Son dönemlerde Batı ülkelerinde yerel ırkçı eğilimlerin güçlendiğini gözlemlemekteyiz. Bunun gerekçeleri literatürde çokça tartışılmıştır. Küreselleşen ve karmaşıklaşan bir dünya karşısında kendini daha dar ve güvenli bir bütüne ait görme eğilimi, ırkçılığı körükleyen etmenlerden sadece biridir. Bu ait olma hissi her zaman bir ulusa dönük kalmamakta, zaman zaman daha büyük bütünlere (örneğin Avrupa havzasına), bazen ise daha küçük birimlere (örneğin ülke içi coğrafi bölgelere, kentlere, hatta mahallelere) dönük olabilmektedir. Bu tarz bir kimlik tasarısının bizi ilgilendiren bağlamı ise, öz kimliklerin belirlenmesinde, öteki unsurunun nasıl tanımlandığıdır. Örneğin ulus merkezli bir kimlik tasarısı genel kabul görebiliyorken, aynı kimlik üzerinden ötekini dışlayan bir tasarı ırkçılığa dönüşebilmektedir.
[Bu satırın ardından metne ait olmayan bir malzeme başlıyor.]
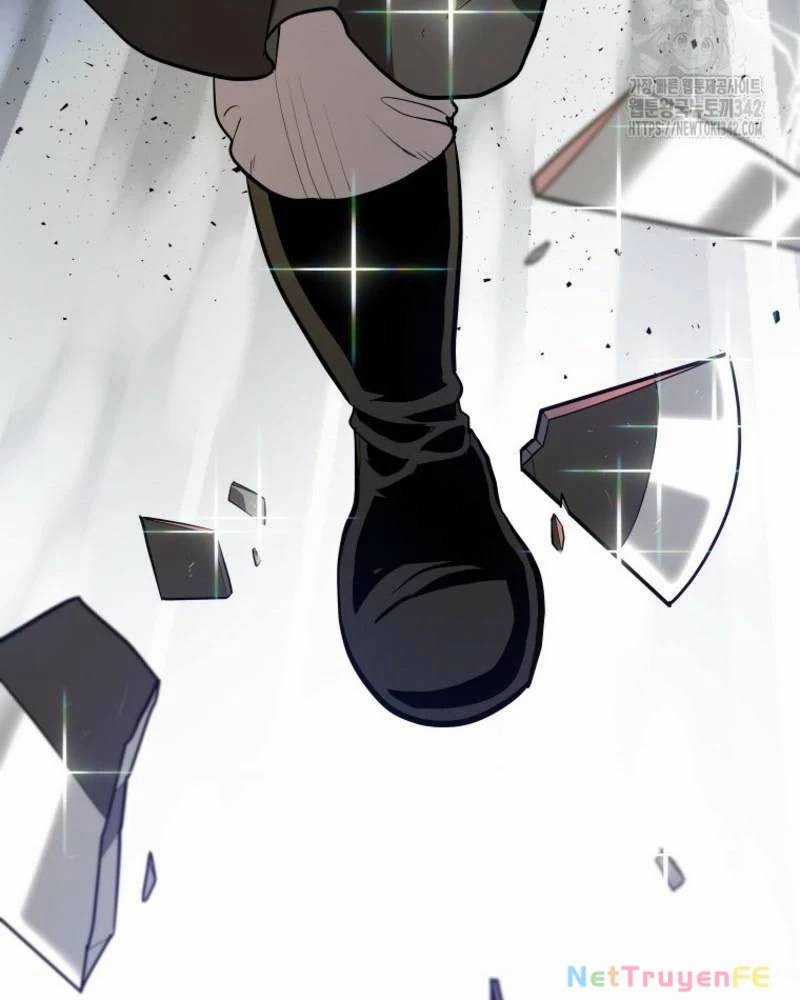 Chế Ngự Kiếm Chương 107 trang 154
Bunun gibi kültürel kimlikler ve dinî kimlikler de sadece kendimizi ait hissettiğimiz bütünle değerlendirilemez, aynı zamanda bu kimliğin ötekine dair algısıyla da tespit edilmelidir. İslamofobi de böyle bir özbenlik ve öteki algısının ürünüdür esasında.
Bu o kadar da yeni bir tespit değildir tabii. Aksine kimlik üzerine yazılmış birçok eser, tam da bu özbenlik-öteki ilişkisini irdelemektedir. İslamofobi konusu işlenirken de durum farklı değildir. Bu yüzden de birçok eser, İslamofobiyi tarihî bir bağlama oturtmakta ve ta Ortaçağdan gelen bir silsilenin uzantısı olarak değerlendirmektedir. Oysa ilk bakışta tutarlı gelen bu yaklaşımın, İslamofobi diye tanımladığımız olguyu doğru yerinden yakalamadığı inancındayız.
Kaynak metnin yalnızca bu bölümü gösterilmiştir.